= PROMPT =
Write out again, word for word, the lines below from the line that holds "Lime Green F (L) ArmBand" through the line that holds "Senator Charles Sumner of Massachusetts.", omitting pictures.

***** TASK DATA

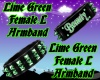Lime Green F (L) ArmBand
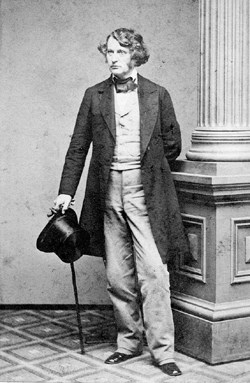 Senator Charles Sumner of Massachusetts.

**********
***** TASK DATA

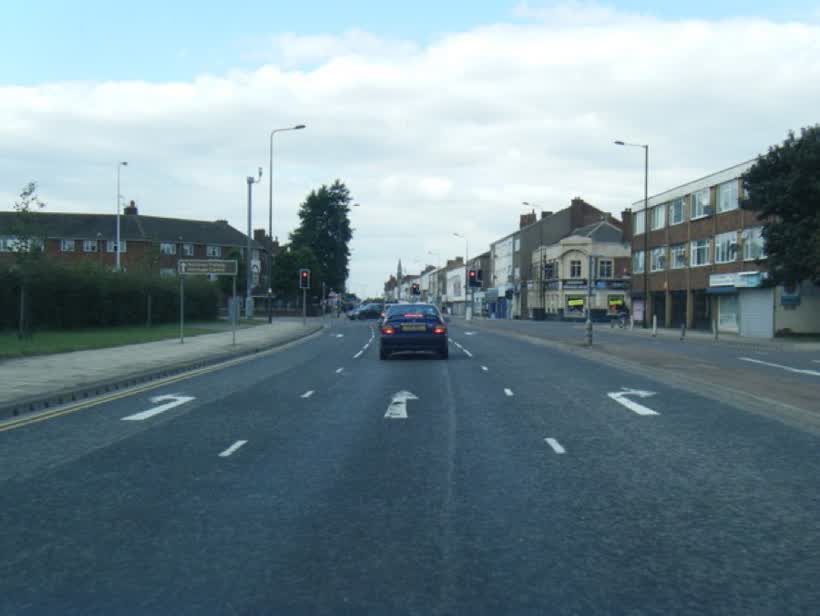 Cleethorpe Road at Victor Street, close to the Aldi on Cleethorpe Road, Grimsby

**********
***** TASK DATA

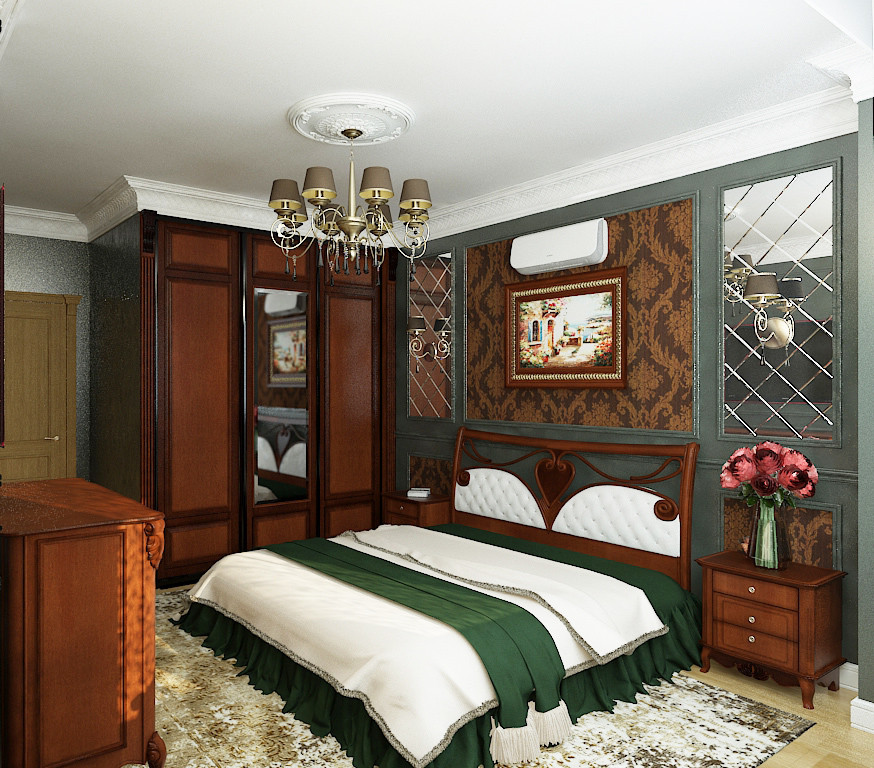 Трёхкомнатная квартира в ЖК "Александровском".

**********

= REPLY TO THE EXERCISE =
Lime Green F (L) ArmBand
 Senator Charles Sumner of Massachusetts.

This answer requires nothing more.